In 2000, there were 22 workers who commuted into the municipality and 65 workers who commuted away. The municipality is a net exporter of workers, with about 3.0 workers leaving the municipality for every one entering. Of the working population, 8.2% used public transportation to get to work, and 71.4% used a private car.

==Religion==
From the 2000 census, 157 or 85.8% were Roman Catholic, while 11 or 6.0% belonged to the Swiss Reformed Church. Of the rest of the population, there were 2 members of an Orthodox church (or about 1.09% of the population), and there were 4 individuals (or about 2.19% of the population) who belonged to another Christian church. There was 1 individual who was Islamic. 6 (or about 3.28% of the population) belonged to no church, are agnostic or atheist, and 4 individuals (or about 2.19% of the population) did not answer the question.

==Education==
In Ferpicloz about 59 or (32.2%) of the population have completed non-mandatory upper secondary education, and 32 or (17.5%) have completed additional higher education (either university or a Fachhochschule). Of the 32 who completed tertiary schooling, 68.8% were Swiss men, 21.9% were Swiss women.

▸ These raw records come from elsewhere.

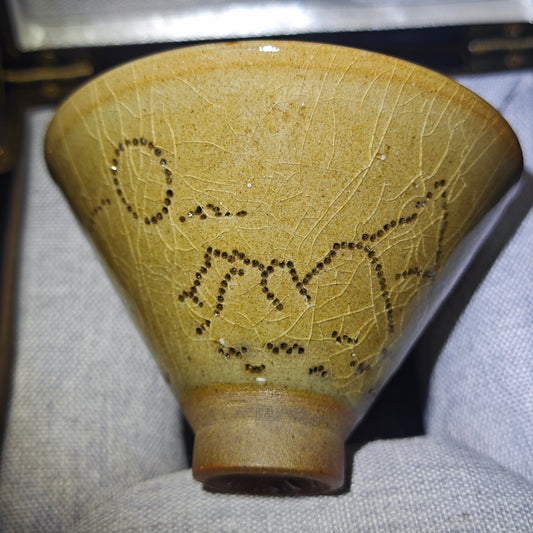 master ding wei lu Linglong teacup Taro glazed douli shape cup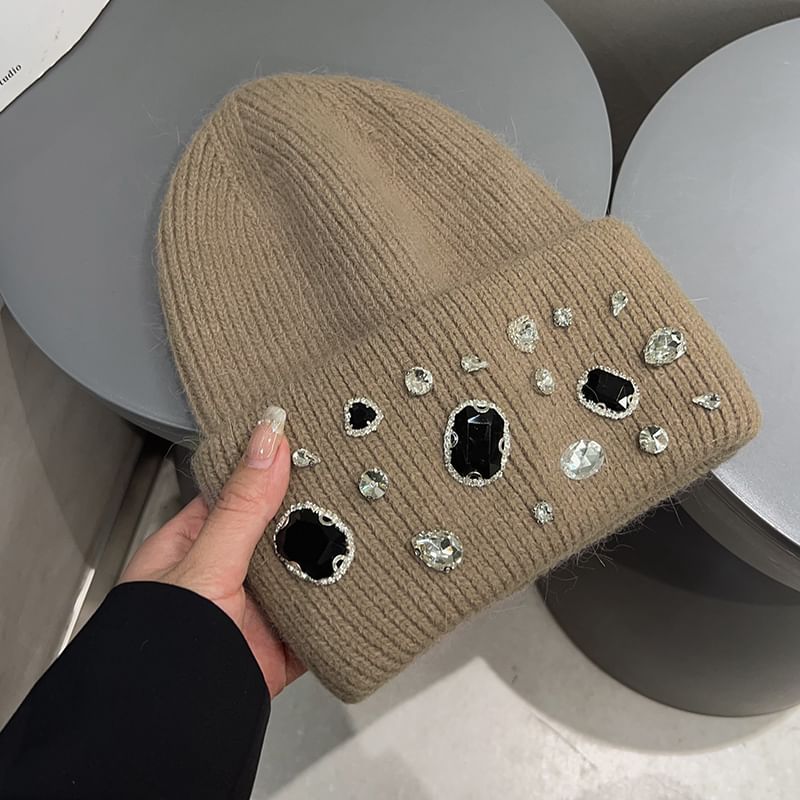 4.4 STUDIO - Geribbelde muts met strass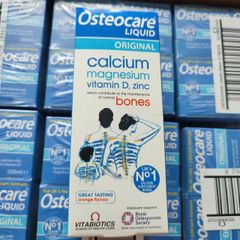 Calci dạng nước Osteocare Liquid Calcium Magnesium Vitamin D3, Zinc |200 mL| dành cho trẻ từ 3 tuổi trở lên [S/P Chuẩn UK]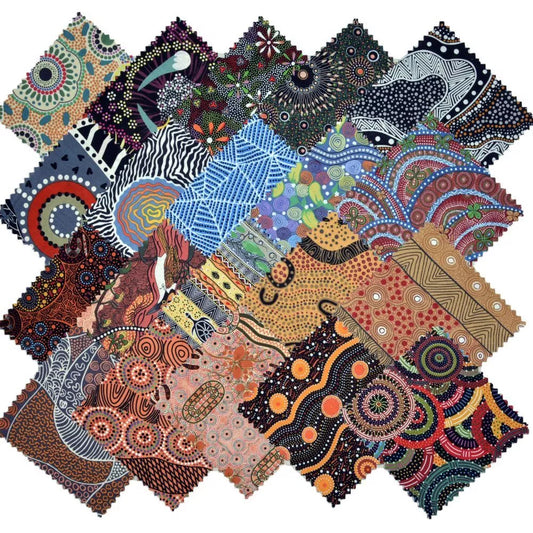 10 inch squares - Multi colored Australian Aboriginal fabric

The Canton of Fribourg school system provides one year of non-obligatory Kindergarten, followed by six years of Primary school. This is followed by three years of obligatory lower Secondary school where the students are separated according to ability and aptitude. Following the lower Secondary students may attend a three or four year optional upper Secondary school. The upper Secondary school is divided into gymnasium (university preparatory) and vocational programs. After they finish the upper Secondary program, students may choose to attend a Tertiary school or continue their apprenticeship.

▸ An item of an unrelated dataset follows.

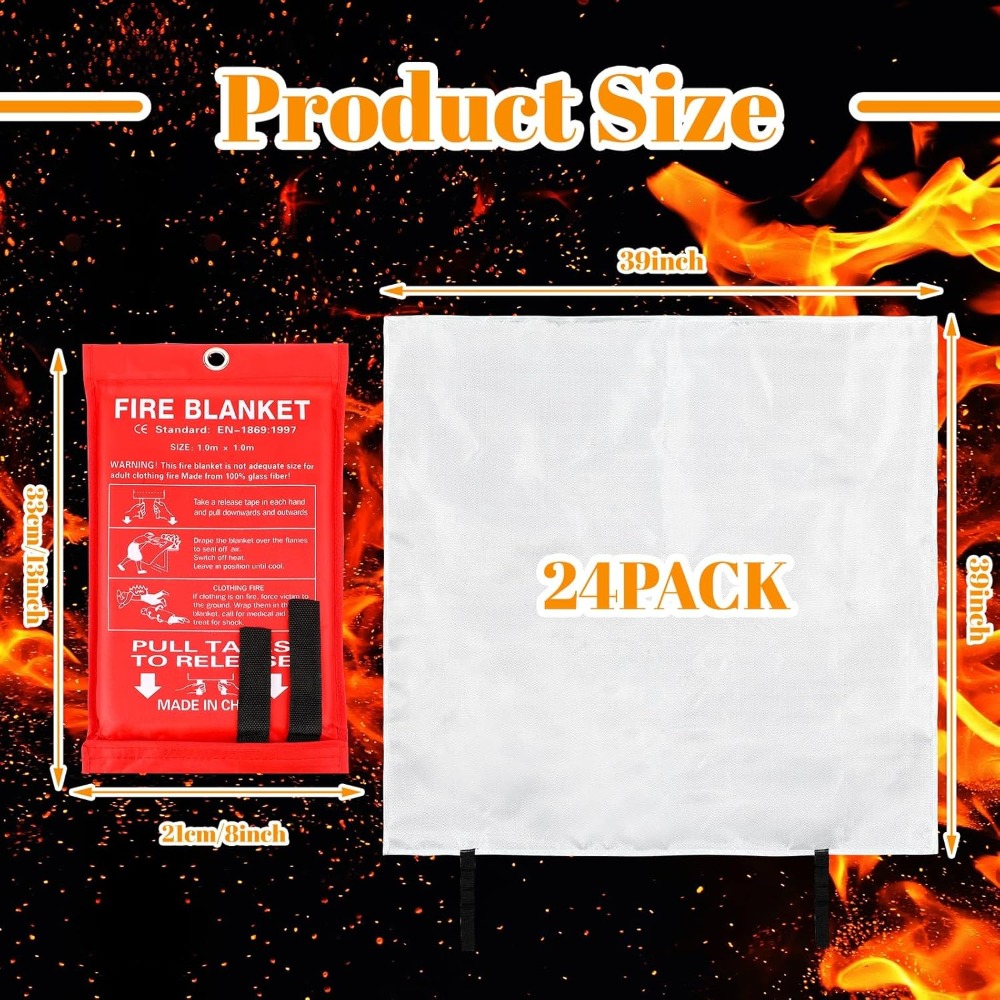 24 Pcs Fire Blanket - Fibergla – Fire Blanket Kitchen Bewertung und Preis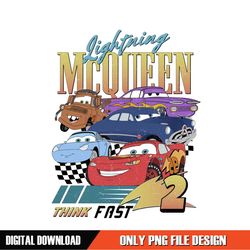 Disney Cars Lightning McQueen Think Fast PNG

During the 2010–11 school year, there were no students attending school in Ferpicloz, but a total of 45 students attended school in other municipalities. Of these students, 5 were in kindergarten, 15 were in a primary school, 9 were in a mandatory secondary school, 9 were in an upper secondary school and 6 were in a vocational secondary program. There was one tertiary student from the municipality.

As of 2000, there were 2 students in Ferpicloz who came from another municipality, while 34 residents attended schools outside the municipality.